- Interactive map of Clarence Tunnel

Overview
- Line: Main Western railway line
- Location: Blue Mountains, New South Wales, Australia
- Coordinates: 33°28′42″S 150°13′06″E﻿ / ﻿33.478337°S 150.218253°E

Operation
- Opened: 18 October 1869
- Closed: 16 October 1910<
- Reopened: 18 October 1975 (as tourism facility)
- Operator: Zig Zag Railway

Technical
- Length: 439 metres (1,440 ft)

= Clarence Tunnel =

Railway tunnel in New South Wales, Australia

The Clarence Tunnel is a railway tunnel that was originally part of the Main Western railway line across the Blue Mountains, New South Wales, Australia. It is 539 yd long.
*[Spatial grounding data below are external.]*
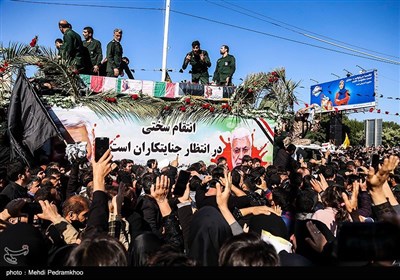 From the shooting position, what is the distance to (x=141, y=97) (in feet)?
38.5

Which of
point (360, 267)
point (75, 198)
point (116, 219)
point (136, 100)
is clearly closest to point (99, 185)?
point (116, 219)

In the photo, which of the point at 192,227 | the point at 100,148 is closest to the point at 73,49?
the point at 100,148

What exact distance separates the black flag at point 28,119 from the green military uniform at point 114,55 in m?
2.41

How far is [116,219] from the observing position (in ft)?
11.7

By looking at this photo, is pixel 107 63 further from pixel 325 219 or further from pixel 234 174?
pixel 325 219

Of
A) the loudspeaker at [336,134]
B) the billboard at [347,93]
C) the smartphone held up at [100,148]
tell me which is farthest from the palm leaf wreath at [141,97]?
the billboard at [347,93]

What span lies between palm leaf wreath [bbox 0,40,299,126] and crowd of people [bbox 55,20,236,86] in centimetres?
47

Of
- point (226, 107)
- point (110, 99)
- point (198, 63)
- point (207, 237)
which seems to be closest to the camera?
point (207, 237)

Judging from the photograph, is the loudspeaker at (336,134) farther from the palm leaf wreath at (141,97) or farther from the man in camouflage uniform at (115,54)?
the man in camouflage uniform at (115,54)

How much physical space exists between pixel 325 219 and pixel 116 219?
2002 mm

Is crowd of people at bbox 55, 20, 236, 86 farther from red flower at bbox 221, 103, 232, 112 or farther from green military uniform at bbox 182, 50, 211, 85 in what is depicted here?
red flower at bbox 221, 103, 232, 112

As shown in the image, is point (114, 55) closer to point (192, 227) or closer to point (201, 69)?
point (201, 69)

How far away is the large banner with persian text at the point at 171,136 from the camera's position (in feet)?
36.1

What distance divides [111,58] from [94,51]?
53 centimetres
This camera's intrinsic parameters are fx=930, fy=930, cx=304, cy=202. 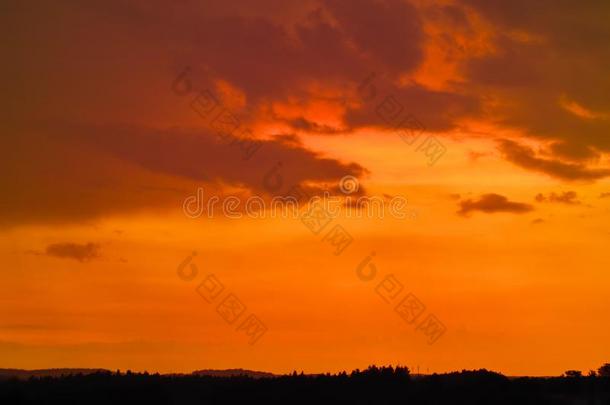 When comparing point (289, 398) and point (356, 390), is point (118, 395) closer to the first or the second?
point (289, 398)

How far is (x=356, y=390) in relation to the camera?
59.9 m

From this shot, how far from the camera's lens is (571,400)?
57.6 metres

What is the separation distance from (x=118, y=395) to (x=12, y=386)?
7.94 metres

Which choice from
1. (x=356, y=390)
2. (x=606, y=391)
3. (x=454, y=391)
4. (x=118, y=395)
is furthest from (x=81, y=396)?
(x=606, y=391)

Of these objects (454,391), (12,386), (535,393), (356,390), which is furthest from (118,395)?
(535,393)

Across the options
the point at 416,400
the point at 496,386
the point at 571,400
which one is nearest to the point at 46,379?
the point at 416,400

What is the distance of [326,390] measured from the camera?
196ft

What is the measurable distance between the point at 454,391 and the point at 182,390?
58.3ft

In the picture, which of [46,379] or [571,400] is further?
[46,379]

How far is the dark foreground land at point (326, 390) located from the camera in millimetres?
57250

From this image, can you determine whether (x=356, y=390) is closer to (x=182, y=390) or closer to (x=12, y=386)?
(x=182, y=390)

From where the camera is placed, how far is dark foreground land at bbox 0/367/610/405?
57.2m

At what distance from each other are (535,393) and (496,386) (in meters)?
2.42

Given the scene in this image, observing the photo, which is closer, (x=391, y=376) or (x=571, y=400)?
(x=571, y=400) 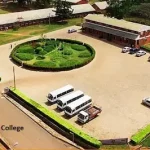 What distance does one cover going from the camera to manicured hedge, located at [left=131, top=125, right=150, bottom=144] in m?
35.0

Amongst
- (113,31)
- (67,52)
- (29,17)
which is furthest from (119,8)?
(67,52)

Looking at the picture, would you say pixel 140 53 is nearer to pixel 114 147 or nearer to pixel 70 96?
pixel 70 96

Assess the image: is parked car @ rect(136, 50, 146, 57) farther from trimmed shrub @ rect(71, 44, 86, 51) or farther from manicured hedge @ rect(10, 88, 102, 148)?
manicured hedge @ rect(10, 88, 102, 148)

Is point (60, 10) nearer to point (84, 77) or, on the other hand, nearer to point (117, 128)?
point (84, 77)

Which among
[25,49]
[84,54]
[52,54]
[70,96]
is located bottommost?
[70,96]

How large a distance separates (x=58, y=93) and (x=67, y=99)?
2430mm

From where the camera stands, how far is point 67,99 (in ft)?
137

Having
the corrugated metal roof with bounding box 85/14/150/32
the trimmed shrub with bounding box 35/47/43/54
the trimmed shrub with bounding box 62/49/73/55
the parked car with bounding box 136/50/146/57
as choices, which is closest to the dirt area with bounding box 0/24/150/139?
the parked car with bounding box 136/50/146/57

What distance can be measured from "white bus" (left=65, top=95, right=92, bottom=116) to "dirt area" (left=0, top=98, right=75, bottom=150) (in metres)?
4.13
==History and description==
The tunnel, located to the west of Clarence, was built by William Watkins and opened on 18 October 1869. The tunnel is almost entirely straight apart from a curve at the Clarence end and is the highest railway tunnel in Australia. The tunnel was closed on 16 October 1910, after being by-passed by a new deviation. After the tunnel's closure, it was utilised for growing mushrooms. In 1944, during World War II, the Royal Australian Air Force (RAAF) stockpiled chemical munitions in the tunnel. The facility was known as No. 4 Sub Depot of No. 1 Central Reserve RAAF and was vacated by the RAAF in 1946.

The tunnel was reopened in 1975 and forms part of the Zig Zag tourist railway.